### Provided data:
--------------------

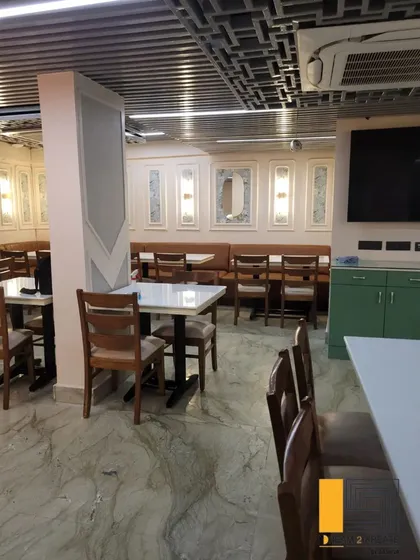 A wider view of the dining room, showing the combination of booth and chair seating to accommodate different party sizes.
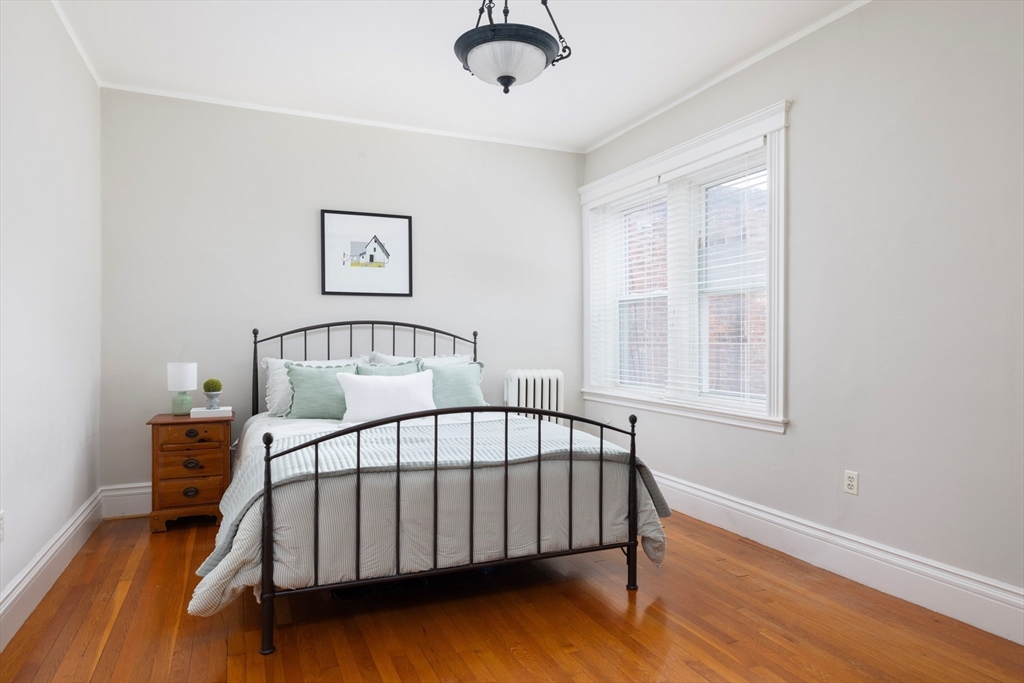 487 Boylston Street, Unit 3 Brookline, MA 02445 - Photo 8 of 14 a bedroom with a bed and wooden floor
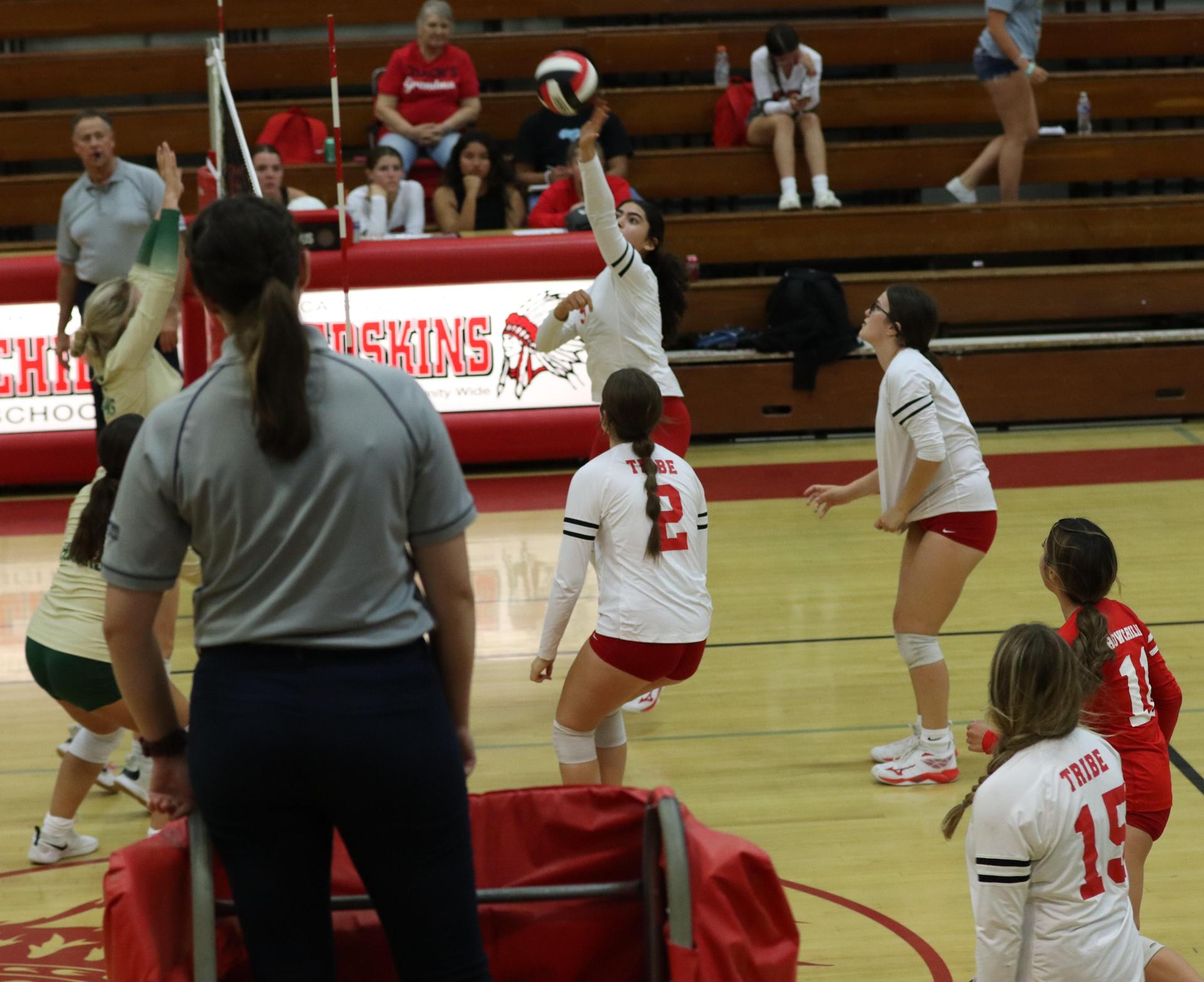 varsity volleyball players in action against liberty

--------------------

### Try it:
Please copy out each line above exactly as written, but not the pictures.

### The answer:
 A wider view of the dining room, showing the combination of booth and chair seating to accommodate different party sizes.
 487 Boylston Street, Unit 3 Brookline, MA 02445 - Photo 8 of 14 a bedroom with a bed and wooden floor
 varsity volleyball players in action against liberty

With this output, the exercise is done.